8th Mar 2010 07:00
Result of Strategic Review
China Goldmines today announces the result of its strategic review led by Robert Adair, Non-executive Chairman, which has been conducted following his appointment in December 2009. It has been decided that the Company will assess new projects within a clearly defined rationale to potentially acquire and build value for shareholders utilising current funds of approximately $23 million. Any decision regarding specific acquisitions will be subject to shareholder approval and if a suitable proposition is not found a return of capital will be proposed to shareholders.
Acquisition Strategy
The core principal of CGM's acquisition strategy is to examine projects where we believe shareholder value can be created using the Company's existing funds of $23m. While CGM's existing expertise is in mining the Company will also assess assets within the oil and gas sector, given Robert Adair's significant track record in the industry, and sectors outside of resources providing certain key parameters are met. Based on the conclusions of the strategic review the assessment framework for new projects is as follows:
Resource propositions (oil and gas or mining):
Producing or near production assets
Third party resource validation
Medium to low political risk
Non resource propositions:
Revenue generating
Profitable or near to profit
Market leader or recognised as one of the market leaders
High barriers to entry
Strong UK / European market position
While CGM is currently examining a range of options and approaches through its own channels, proposals from outside the Company and its Advisors will be considered providing the above criteria are met. Viable propositions with incumbent management team are being sought with a view that a transaction might be completed by the end of September 2010.
CGM post disposal of its gold mining subsidiary
Following the disposal of its gold mining subsidiary on 29 September 2009, CGM is now classified under the AIM Rules as an investing company. Accordingly, the Company is required to complete an acquisition or acquisitions (or otherwise implement an investing strategy, (which will be subject to the approval of shareholders) no later than 28 September 2010. The Company is not subject to the Takeover Code as its securities are Admitted to AIM and its place of central management and control is outside the United Kingdom.

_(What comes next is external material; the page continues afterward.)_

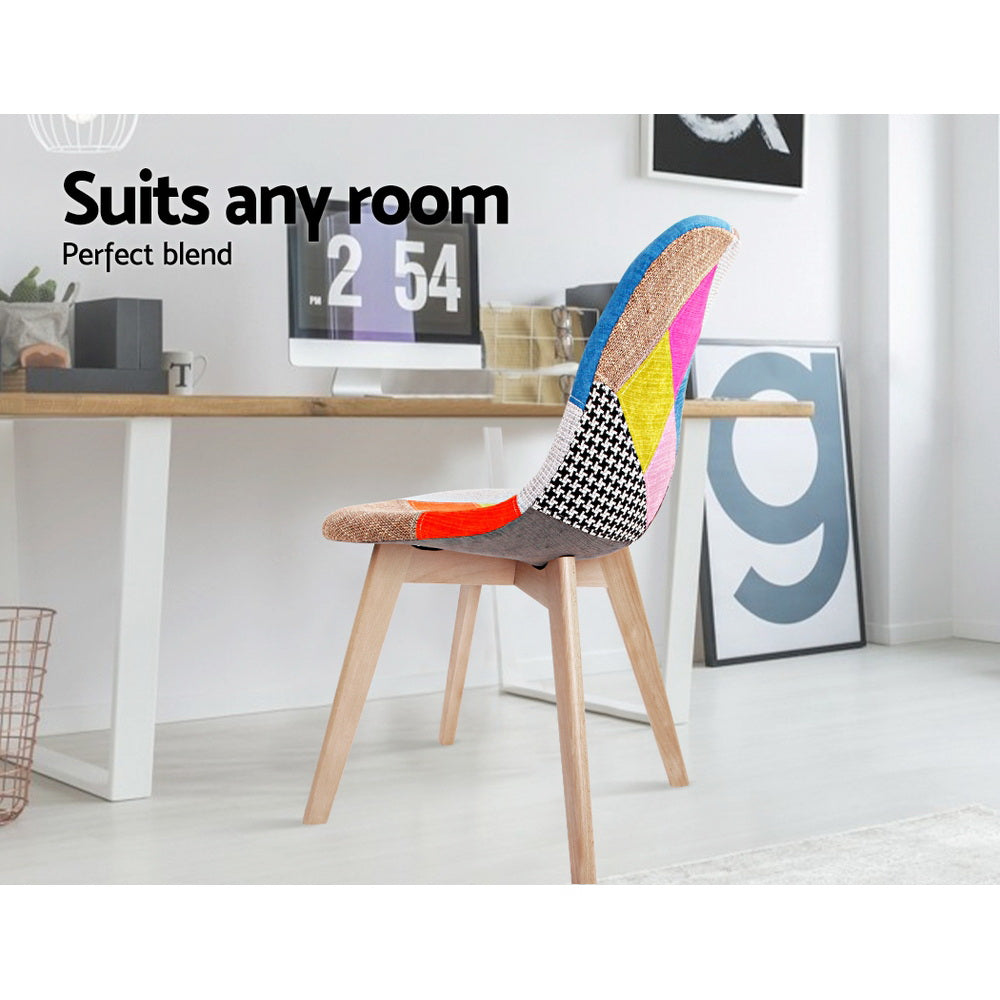 Artiss Retro Fabric Replica DSW Dining Chairs x 4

As at 28 February 2010, the Company's assets were represented by a cash balance of c. US $23m.. CGM is guarantor to warranties made to the acquirer of the mining subsidiary with a maximum liability of $10m. These warranties expire at the end of September 2010.
All material obligations, liabilities or responsibilities of the Company and its subsidiary GRV expire on 28 September 2010, save for any antecedent breaches claimed by the acquirer which have not been resolved. The aggregate liability of the Company and GRV under the Share Purchase Agreement is limited to US$10m. These warranties as set out in the circular dated 1 September 2009 and relate principally to title, financial position and accuracy of accounts: the Company is currently not aware of anything which may lead to a claim. It is reassured that it successfully negotiated the release of $2.2m as announced on 22nd January 2010.
Commenting today Robert Adair, Chairman, of China Goldmines said: "Our clear focus at CGM is to do the best thing for shareholders over the next twelve months who we will look to keep fully informed. We shall work towards using the funds returned to us, from the recent sale of our gold mining subsidiary, to invest in a suitable project that could potentially derive higher value for our investors than a return of cash. Our objective is to examine projects that could quickly derive benefit from deployment of the funds we have at our disposal. We are currently undergoing a process of review of assets with our Advisors but look forward to receiving any proposal that meet our core criteria as outlined above."
For indications of interest from parties:
Propositions should detail the nature of the business, the management credentials, the existing shareholder structure and a 3 year financial performance. Resource propositions should also detail the reserve / resource base. The directors will consider propositions in the context of execution risk.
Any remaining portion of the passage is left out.